The tutorial initializes with an ensemble of random pixel brightness values appearing in the Input Image window. The numerical brightness value of each pixel in the Input Image is displayed in the Digital Image with Kernel Overlay window. In the latter window, the currently selected kernel mask (indicated in red) is superimposed over an ensemble of pixels, where the central pixel lying under the convolution mask is highlighted in blue. The Output Image window displays the pixels that result from the convolution operation. Those pixels lying along the border of the Output Image window are not altered by the convolution operation, but are copied directly from the input image pixel ensemble. The pixels displayed in the Output Image window that result from the convolution operation are distinguished by a slight reddish coloration. To operate the tutorial, select a convolution kernel from the Choose A Kernel pull-down menu, and use the Manual or Auto buttons to advance the tutorial to the next step in the convolution process. When the Auto button is selected, the Auto Speed slider sets the rate at which the tutorial advances to the next step of the convolution operation. Clicking the Reset button will randomize the input pixel ensemble and will allow the user to restart the convolution operation.
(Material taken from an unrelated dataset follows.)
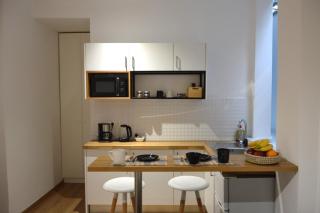TINY STUDIOS Under the Akropolis -1- - Athènes - 7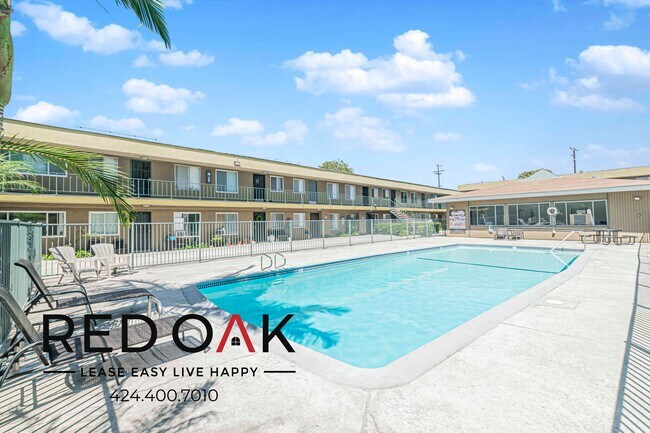 Building Photo - 4900 Clair Del Ave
In the simplest form, a two-dimensional convolution operation on a digital image utilizes a box convolution kernel. Convolution kernels typically feature an odd number of rows and columns in the form of a square, with a 3 × 3 pixel mask (convolution kernel) being the most common form, but 5 × 5 and 7 × 7 kernels are also frequently employed. The convolution operation is performed individually on each pixel of the original input image, and involves three sequential operations, which are presented in Figure 1. The operation begins when the convolution kernel is overlaid on the original image in such a manner that the center pixel of the mask is matched with the single pixel location to be convolved from the input image. This pixel is referred to as the target pixel (monitor the Position Kernel Mask step in the tutorial).
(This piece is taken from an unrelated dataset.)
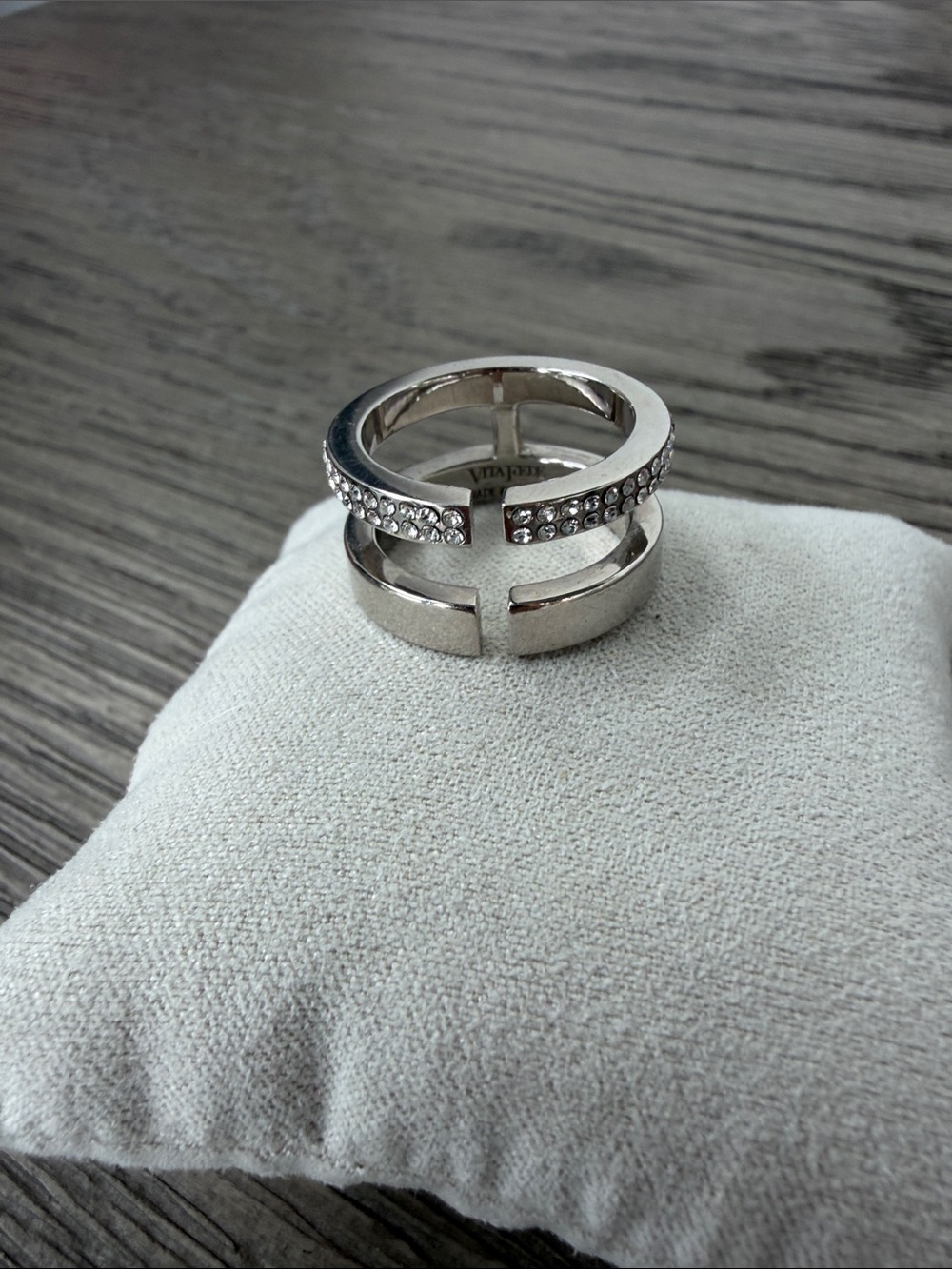 New! VITA FEDE
Silver Nonna Due Crystal Ring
Next, each pixel integer value in the original (often termed the source) image is multiplied by the corresponding value in the overlying mask (the Multiply Kernel with Image step in the tutorial). In the third step, the sum of products from the second step is computed (the Sum Products step in the tutorial). Finally, the gray level value of the target pixel is replaced by the sum of all the products determined in the third step (the Store Output Value step in the tutorial). To perform a convolution on an entire image, this operation must be repeated for each pixel in the original image. Typically, the output gray level value is scaled to match the storage range, although this step is not illustrated in the tutorial.
In general, the numerical values utilized in convolution kernels tend to be integers with a divisor that can vary depending upon the desired operation. Also, because many convolution operations result in negative values (note that the value of a convolution kernel integer can be negative), offset values are often applied to restore a positive value. The smoothing convolution kernel included in the tutorial has a value of unity for each cell in the matrix, with a divisor value of 9 and an offset of zero. Kernel matrices for 8-bit grayscale images are often constrained with divisors and offsets that are chosen so that all processed values following the convolution fall between 0 and 255. Many of the popular software packages have user-specified convolution kernels designed to fine-tune the type of information that is extracted for a particular application.
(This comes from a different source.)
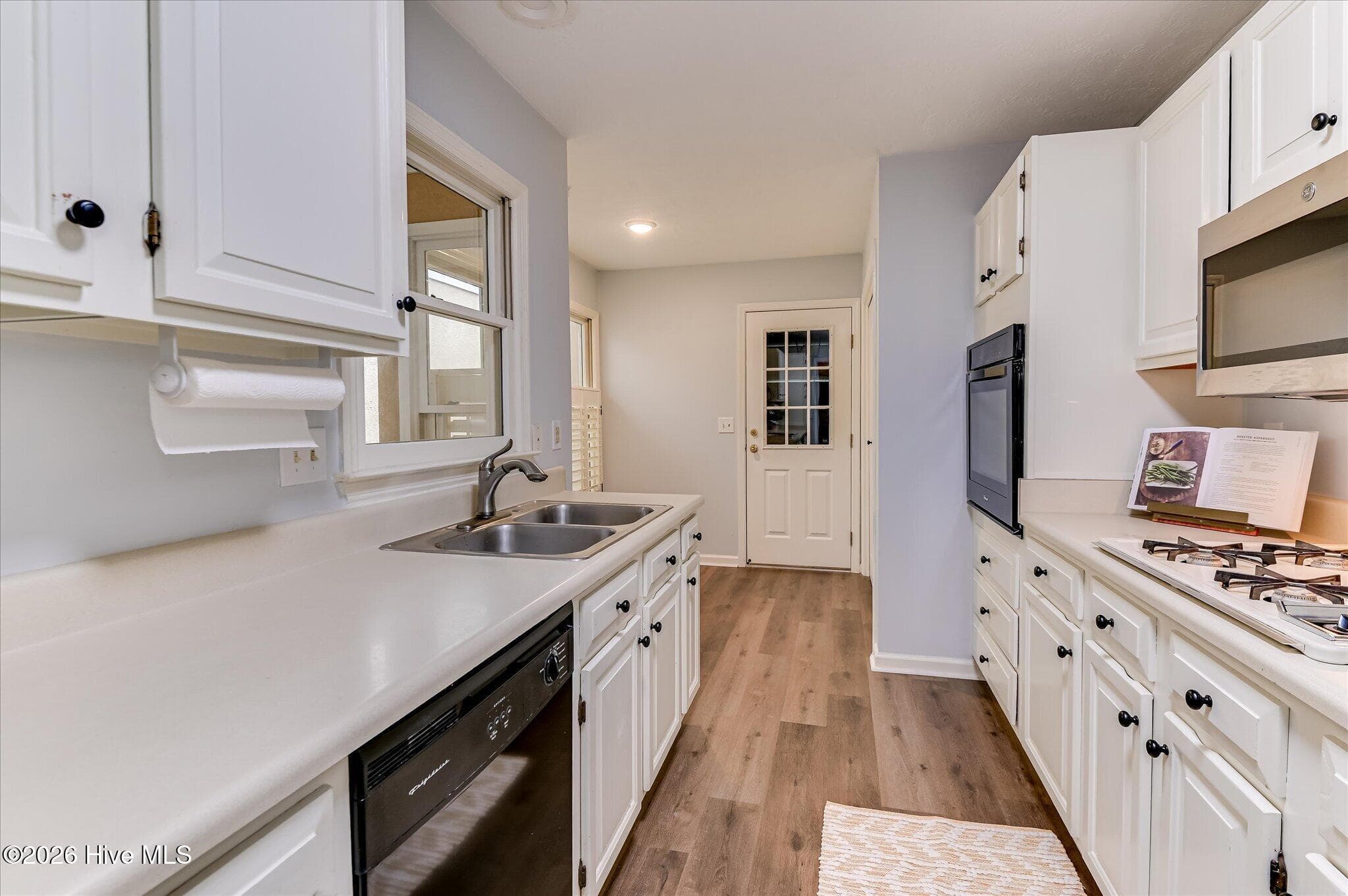Townhouse at 2827 Springwood Drive, Augusta, GA 30909, photo 17 of 56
Convolution kernels are useful for a wide variety of digital image processing operations, including smoothing of noisy images (spatial averaging) and sharpening of images by edge enhancement, utilizing Laplacian, sharpening, or gradient filters (convolution kernels). In addition, local contrast can be adjusted through the use of maximum, minimum, or median filters, and images can be transformed from the spatial to the frequency domain (in effect, performing a Fourier transformation) with convolution kernels. The total number of convolution kernels developed for image processing is enormous, but several filters enjoy widespread application among many of the popular image processing software packages.